At the station, Rat talks to the station boys who live there. They sweep the platforms and beg. Rat has to pay them seventy pesos for permission to enter the station to reach the locker. Moving calmly, Rat leads the boys past the lockers, which have not been busted open, meaning the police don’t know about the key. Rat deftly opens 101, removing a brown envelope. The boys run once they have left the station. Inside the envelope is a stamped letter waiting to be posted. It is for Gabriel Olondriz, a prisoner at Colva Prison. The boys don’t understand the one-page letter, or the slip of paper attached to it, which simply shows a code-like list of numbers, dots, and slashes.
Analysis
The short opening chapters of Trash establish the extreme poverty in which Raphael and Gardo live. Both have lived and worked at the dump ever since they can remember, helping contribute to the family finances by sifting trash for valuables since they were old enough to crawl. Instead of attending school, they work every day to survive. Immersed in this reality since birth, the boys never question the systemic oppression that keeps them desperately poor. But the discovery of José Angelico’s wallet will broaden the boys’ understanding of the forces that have held them down.
Although he is still a child himself, Raphael needs any money and anything he finds to support his aunt and younger cousins. But despite his need, Raphael immediately divides up the eleven hundred pesos he finds, giving nearly half of it to his best friend, Gardo. With Raphael’s kind gesture, done without hesitation, Mulligan introduces the major theme of solidarity. Rather than hoard the money to himself, Raphael’s impulse is to share with others, knowing implicitly the value of mutual support, particularly among people whose well-being most of society disregards.
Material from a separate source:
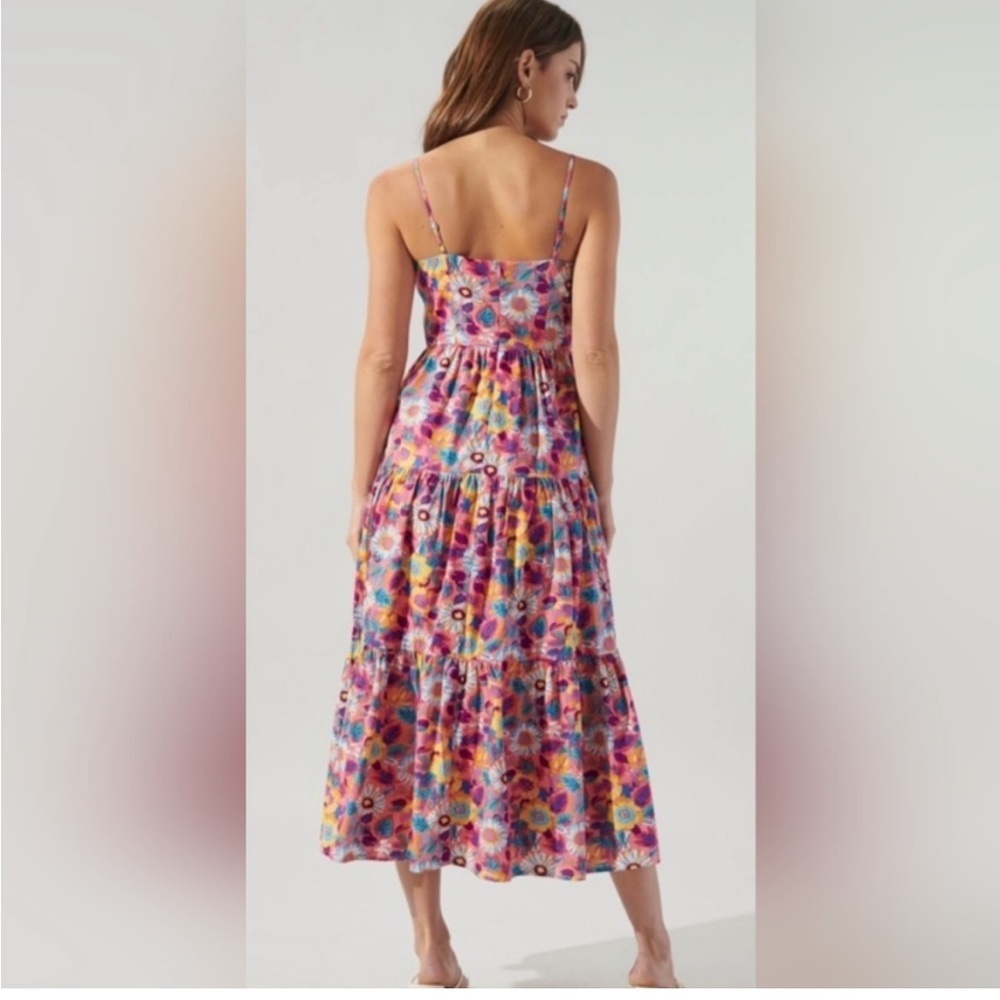 Floral Tiered Midi Dress - Picture 2 of 7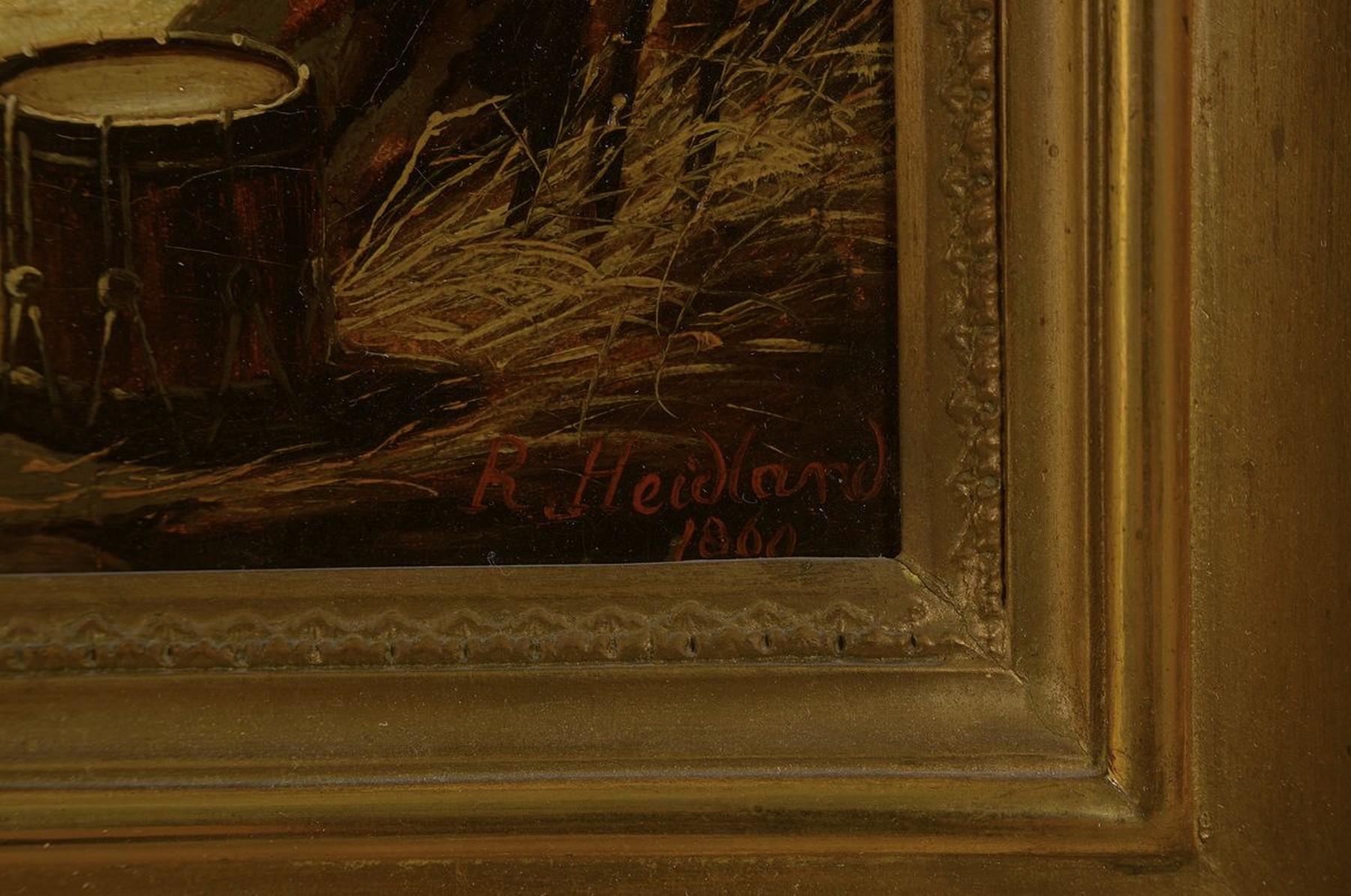 Detail a: R. Heidland, Künstler des 19.Jh., zwei wachende Söldner bzw. Landsknechte, Rundbogen des Höhleneingangs gibt den Blick auf eine verblauende ...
The theme of duplicity arises when the police arrive in Behala and Raphael doesn’t give them the bag they are searching for. Instead, Raphael feigns cuteness and innocence to cover for his aunt, who nearly exposes him. In this scene, Raphael’s cunning and street smarts are on display. He does not lie for the sake of lying: he understands that whatever he has must be of great value if the police have bothered to come to the dumpsite. It is in his best interests to keep it to himself to see how much the reward money goes up.
While Raphael and Gardo are desperately poor and live in homes made of old pallets and plastic sheeting, their lifestyles seem luxurious compared to Rat’s. An outsider in a community of outsiders, Rat lives alone at the bottom of a broken machine with no relatives or support network, surrounded by rats that make the other boys flinch. Gardo doesn’t trust him, but Raphael is less skeptical. Raphael’s trust bears out, because with outsider status comes outsider knowledge. Without Rat, the boys wouldn’t know the key found with the wallet is for one of the luggage lockers at the train station in town. In this way, Raphael’s implicit trust in Rat proves vital.
Rat continues to showcase his value when he demonstrates how to gain access to the train station, which a group of other street kids patrols as their begging territory. Rat once lived at the station himself, and so has a history of goodwill he can draw on when they need access. Having paid their way in, Rat quickly locates the locker and removes the letter to Gabriel Olondriz without arousing any suspicion. With the discovery of an intricate series of numbers and symbols, the boys find themselves deep within a mystery they have only just begun to untangle.